◆ **INFORMATION SUPPLIED**:
----------
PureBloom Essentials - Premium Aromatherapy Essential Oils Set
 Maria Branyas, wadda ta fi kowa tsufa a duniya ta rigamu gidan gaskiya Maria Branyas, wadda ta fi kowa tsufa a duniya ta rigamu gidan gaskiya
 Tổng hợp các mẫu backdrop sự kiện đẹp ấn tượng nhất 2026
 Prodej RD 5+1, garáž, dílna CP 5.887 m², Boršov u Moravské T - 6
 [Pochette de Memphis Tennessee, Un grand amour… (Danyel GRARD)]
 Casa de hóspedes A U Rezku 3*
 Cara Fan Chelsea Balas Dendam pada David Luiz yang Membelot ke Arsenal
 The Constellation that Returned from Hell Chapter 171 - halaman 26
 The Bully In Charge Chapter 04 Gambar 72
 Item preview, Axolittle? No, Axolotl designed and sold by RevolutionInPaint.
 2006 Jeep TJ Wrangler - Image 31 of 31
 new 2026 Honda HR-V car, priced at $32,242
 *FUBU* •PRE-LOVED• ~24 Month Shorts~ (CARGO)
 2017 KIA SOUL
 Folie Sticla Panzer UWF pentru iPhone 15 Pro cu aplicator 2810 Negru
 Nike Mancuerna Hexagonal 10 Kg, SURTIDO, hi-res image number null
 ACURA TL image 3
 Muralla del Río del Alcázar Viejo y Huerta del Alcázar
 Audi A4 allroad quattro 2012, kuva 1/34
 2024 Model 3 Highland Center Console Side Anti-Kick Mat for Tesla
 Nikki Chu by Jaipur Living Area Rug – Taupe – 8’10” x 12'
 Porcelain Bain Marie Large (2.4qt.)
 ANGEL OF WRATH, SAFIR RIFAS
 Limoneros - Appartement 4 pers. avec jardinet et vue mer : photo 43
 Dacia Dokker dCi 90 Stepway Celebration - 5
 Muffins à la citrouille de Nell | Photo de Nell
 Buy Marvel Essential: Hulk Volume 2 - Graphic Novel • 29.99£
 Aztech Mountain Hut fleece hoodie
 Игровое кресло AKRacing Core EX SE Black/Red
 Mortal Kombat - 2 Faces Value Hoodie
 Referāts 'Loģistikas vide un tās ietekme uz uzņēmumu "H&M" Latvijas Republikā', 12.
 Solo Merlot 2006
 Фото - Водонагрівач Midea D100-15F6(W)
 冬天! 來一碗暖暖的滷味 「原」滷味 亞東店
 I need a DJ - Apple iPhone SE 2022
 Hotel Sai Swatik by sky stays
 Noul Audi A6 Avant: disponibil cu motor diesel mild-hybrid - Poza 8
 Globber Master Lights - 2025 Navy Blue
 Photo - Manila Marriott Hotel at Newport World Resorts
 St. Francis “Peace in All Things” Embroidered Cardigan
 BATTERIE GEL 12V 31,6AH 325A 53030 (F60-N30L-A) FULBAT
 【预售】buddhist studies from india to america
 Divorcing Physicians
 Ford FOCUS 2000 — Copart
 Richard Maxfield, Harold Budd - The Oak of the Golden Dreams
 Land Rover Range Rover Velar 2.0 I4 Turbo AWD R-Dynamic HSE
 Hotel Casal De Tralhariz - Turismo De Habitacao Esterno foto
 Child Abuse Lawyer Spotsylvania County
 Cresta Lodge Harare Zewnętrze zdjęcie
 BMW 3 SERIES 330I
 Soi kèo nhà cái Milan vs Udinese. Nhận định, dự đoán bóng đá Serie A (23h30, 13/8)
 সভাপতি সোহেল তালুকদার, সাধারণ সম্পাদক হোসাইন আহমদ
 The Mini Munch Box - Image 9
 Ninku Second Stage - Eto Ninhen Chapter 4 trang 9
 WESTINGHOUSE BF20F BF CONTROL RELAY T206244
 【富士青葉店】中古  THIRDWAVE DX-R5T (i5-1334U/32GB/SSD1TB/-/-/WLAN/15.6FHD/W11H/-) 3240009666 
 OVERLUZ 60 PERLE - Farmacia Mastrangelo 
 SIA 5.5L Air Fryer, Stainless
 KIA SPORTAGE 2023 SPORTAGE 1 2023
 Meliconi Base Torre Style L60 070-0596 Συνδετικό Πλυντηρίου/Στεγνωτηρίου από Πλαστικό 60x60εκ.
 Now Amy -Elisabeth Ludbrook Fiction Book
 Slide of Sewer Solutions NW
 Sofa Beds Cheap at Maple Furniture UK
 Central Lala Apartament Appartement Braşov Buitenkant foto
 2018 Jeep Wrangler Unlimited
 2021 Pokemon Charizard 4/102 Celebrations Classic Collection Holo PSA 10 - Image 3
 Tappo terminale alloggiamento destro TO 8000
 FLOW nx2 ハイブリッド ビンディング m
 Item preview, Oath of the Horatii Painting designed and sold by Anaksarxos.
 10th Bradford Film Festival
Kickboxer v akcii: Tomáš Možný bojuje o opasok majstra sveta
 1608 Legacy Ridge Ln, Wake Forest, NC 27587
----------
◆ **WORK INSTRUCTION**: Every record above is to be transcribed exactly as written.

◆ **ANSWER FOR THE TASK**:
PureBloom Essentials - Premium Aromatherapy Essential Oils Set
 Maria Branyas, wadda ta fi kowa tsufa a duniya ta rigamu gidan gaskiya Maria Branyas, wadda ta fi kowa tsufa a duniya ta rigamu gidan gaskiya
 Tổng hợp các mẫu backdrop sự kiện đẹp ấn tượng nhất 2026
 Prodej RD 5+1, garáž, dílna CP 5.887 m², Boršov u Moravské T - 6
 [Pochette de Memphis Tennessee, Un grand amour… (Danyel GRARD)]
 Casa de hóspedes A U Rezku 3*
 Cara Fan Chelsea Balas Dendam pada David Luiz yang Membelot ke Arsenal
 The Constellation that Returned from Hell Chapter 171 - halaman 26
 The Bully In Charge Chapter 04 Gambar 72
 Item preview, Axolittle? No, Axolotl designed and sold by RevolutionInPaint.
 2006 Jeep TJ Wrangler - Image 31 of 31
 new 2026 Honda HR-V car, priced at $32,242
 *FUBU* •PRE-LOVED• ~24 Month Shorts~ (CARGO)
 2017 KIA SOUL
 Folie Sticla Panzer UWF pentru iPhone 15 Pro cu aplicator 2810 Negru
 Nike Mancuerna Hexagonal 10 Kg, SURTIDO, hi-res image number null
 ACURA TL image 3
 Muralla del Río del Alcázar Viejo y Huerta del Alcázar
 Audi A4 allroad quattro 2012, kuva 1/34
 2024 Model 3 Highland Center Console Side Anti-Kick Mat for Tesla
 Nikki Chu by Jaipur Living Area Rug – Taupe – 8’10” x 12'
 Porcelain Bain Marie Large (2.4qt.)
 ANGEL OF WRATH, SAFIR RIFAS
 Limoneros - Appartement 4 pers. avec jardinet et vue mer : photo 43
 Dacia Dokker dCi 90 Stepway Celebration - 5
 Muffins à la citrouille de Nell | Photo de Nell
 Buy Marvel Essential: Hulk Volume 2 - Graphic Novel • 29.99£
 Aztech Mountain Hut fleece hoodie
 Игровое кресло AKRacing Core EX SE Black/Red
 Mortal Kombat - 2 Faces Value Hoodie
 Referāts 'Loģistikas vide un tās ietekme uz uzņēmumu "H&M" Latvijas Republikā', 12.
 Solo Merlot 2006
 Фото - Водонагрівач Midea D100-15F6(W)
 冬天! 來一碗暖暖的滷味 「原」滷味 亞東店
 I need a DJ - Apple iPhone SE 2022
 Hotel Sai Swatik by sky stays
 Noul Audi A6 Avant: disponibil cu motor diesel mild-hybrid - Poza 8
 Globber Master Lights - 2025 Navy Blue
 Photo - Manila Marriott Hotel at Newport World Resorts
 St. Francis “Peace in All Things” Embroidered Cardigan
 BATTERIE GEL 12V 31,6AH 325A 53030 (F60-N30L-A) FULBAT
 【预售】buddhist studies from india to america
 Divorcing Physicians
 Ford FOCUS 2000 — Copart
 Richard Maxfield, Harold Budd - The Oak of the Golden Dreams
 Land Rover Range Rover Velar 2.0 I4 Turbo AWD R-Dynamic HSE
 Hotel Casal De Tralhariz - Turismo De Habitacao Esterno foto
 Child Abuse Lawyer Spotsylvania County
 Cresta Lodge Harare Zewnętrze zdjęcie
 BMW 3 SERIES 330I
 Soi kèo nhà cái Milan vs Udinese. Nhận định, dự đoán bóng đá Serie A (23h30, 13/8)
 সভাপতি সোহেল তালুকদার, সাধারণ সম্পাদক হোসাইন আহমদ
 The Mini Munch Box - Image 9
 Ninku Second Stage - Eto Ninhen Chapter 4 trang 9
 WESTINGHOUSE BF20F BF CONTROL RELAY T206244
 【富士青葉店】中古  THIRDWAVE DX-R5T (i5-1334U/32GB/SSD1TB/-/-/WLAN/15.6FHD/W11H/-) 3240009666 
 OVERLUZ 60 PERLE - Farmacia Mastrangelo 
 SIA 5.5L Air Fryer, Stainless
 KIA SPORTAGE 2023 SPORTAGE 1 2023
 Meliconi Base Torre Style L60 070-0596 Συνδετικό Πλυντηρίου/Στεγνωτηρίου από Πλαστικό 60x60εκ.
 Now Amy -Elisabeth Ludbrook Fiction Book
 Slide of Sewer Solutions NW
 Sofa Beds Cheap at Maple Furniture UK
 Central Lala Apartament Appartement Braşov Buitenkant foto
 2018 Jeep Wrangler Unlimited
 2021 Pokemon Charizard 4/102 Celebrations Classic Collection Holo PSA 10 - Image 3
 Tappo terminale alloggiamento destro TO 8000
 FLOW nx2 ハイブリッド ビンディング m
 Item preview, Oath of the Horatii Painting designed and sold by Anaksarxos.
 10th Bradford Film Festival
Kickboxer v akcii: Tomáš Možný bojuje o opasok majstra sveta
 1608 Legacy Ridge Ln, Wake Forest, NC 27587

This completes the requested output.